Bitlis'teki Kef Kalesi'nde yeni buluntular ortaya çıktı

Urartu Kralı II. Rusa tarafından Bitlis'in Adilcevaz ilçesinde 2 bin 300 metre yükseklikte inşa ettirilen Kef Kalesi'nde gerçekleştirilen arkeolojik kazılarda dikkate değer buluntular gün yüzüne çıkarıldı.

Abone Ol

AMED TIMES - Kazı sırasında üç fil ayağı, çakmak taşı ve obsidiyenden yapılmış aletler, çeşitli seramik eserler ve hayvan kemikleri keşfedildi.

 Van YYÜ Edebiyat Fakültesi Arkeoloji Bölümü Öğretim Üyesi Doç. Dr. İsmail Coşku:

"Bu yıl tespit ettiğimiz fil ayaklarının yıkılmış olanlarını tekrar ayağa kaldırarak hem turizme kazandırılmasını hem de kalemizin daha güzel bir görünüme kavuşmasını sağlayacağız" diye konuştu.

Bitlis'in Adilcevaz ilçesinde, Urartular döneminde 2 bin 300 metre rakımda inşa edilen Kef Kalesi'nde yürütülen arkeolojik kazılarda gün yüzüne çıkarılan buluntular, Urartu tarihine dair önemli bilgiler sunuyor ve bu döneme dair karanlık noktaları aydınlatıyor.

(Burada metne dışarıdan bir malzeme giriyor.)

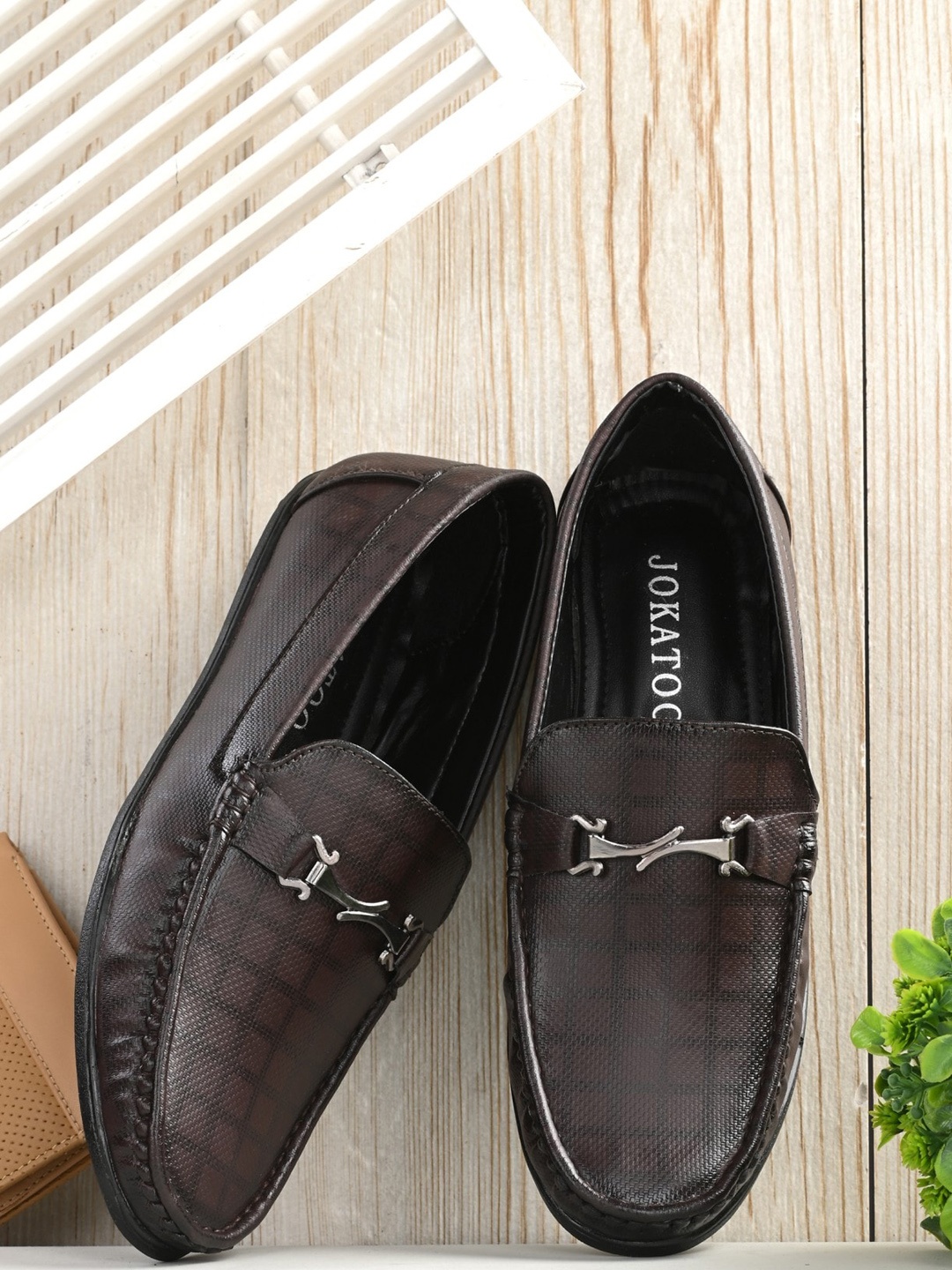 

JOKATOO Men Printed Horsebit Loafers, Brown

Urartu Kralı 2. Rusa'nın Süphan Dağı eteğinde Adilcevaz, Malazgirt Ovası ve Van Gölü'ne hakim tepeye inşa ettirdiği 2 bin 700 yıllık kalede, Kültür ve Turizm Bakanlığının izniyle Van Yüzüncü Yıl Üniversitesi (Van YYÜ) Edebiyat Fakültesi Arkeoloji Bölümü Öğretim Üyesi Doç. Dr. İsmail Coşkun başkanlığında kazı çalışmaları yürütülüyor.

Geçen yıllarda fil ayakları, mutfak ve hizmet odalarının ortaya çıkarıldığı kalenin en büyük ve en yüksek konumundaki salonunda bu yıl 20 kişilik ekiple yürütülen çalışmalarda 3 fil ayağı, çakmak taşı, obsidiyen (cam kaya) aletler, seramikler ile hayvan kemiklerine rastlandı.

Doç. Dr. Coşkun, bu yıl kazı çalışmalarını kalenin yukarı salon olarak adlandırılan bölümünde yoğunlaştırdıklarını ifade etti.

Kazılar sürdükçe yeni yapıların ortaya çıktığını anlatan Coşkun, "Urartu mavisi boyalara ve yine Urartuların kullandığı saray seramiklerine sıklıkla rastlıyoruz. Mutfak bölümünde öğütme taşlarına ve çok fazla hayvan kemiğine rastladık. Burada hayvan kesimi veya kurban töreni düzenlenmiş olabilir. Çakmak taşı ve obsidiyen aletler ile çok fazla seramik parçaları da çıkmakta." dedi.

Kalenin yapımında çok fazla bazalt taşının kullanıldığını belirten Coşkun, şunları ekledi:

"Burası, Urartu döneminde bu kadar çok bazalt kullanılan tek kaledir. 2 bin 300 rakımda kazı çalışması yapıyoruz. Yüksek rakımda kazı çalışması yapılan yerlerden biri. Bizi zorlayan bir alanda çalışıyoruz. Kalemiz, Süphan Dağı'nın eteğinde yer alıyor. Muhtemelen Süphan Dağı'ndan getirdikleri bazalt taşıyla kale inşa etmişler. Kalede günlerce sürdüğü tahmin edilen büyük bir yangın yaşanmış. Salon bölümünü gün yüzüne çıkarırken yaklaşık 60-70 santimetrelik kül tabakasıyla karşılaştık. Bu yıl tespit ettiğimiz fil ayaklarının yıkılmış olanlarını tekrar ayağa kaldırarak hem turizme kazandırılmasını hem de kalemizin daha güzel bir görünüme kavuşmasını sağlayacağız."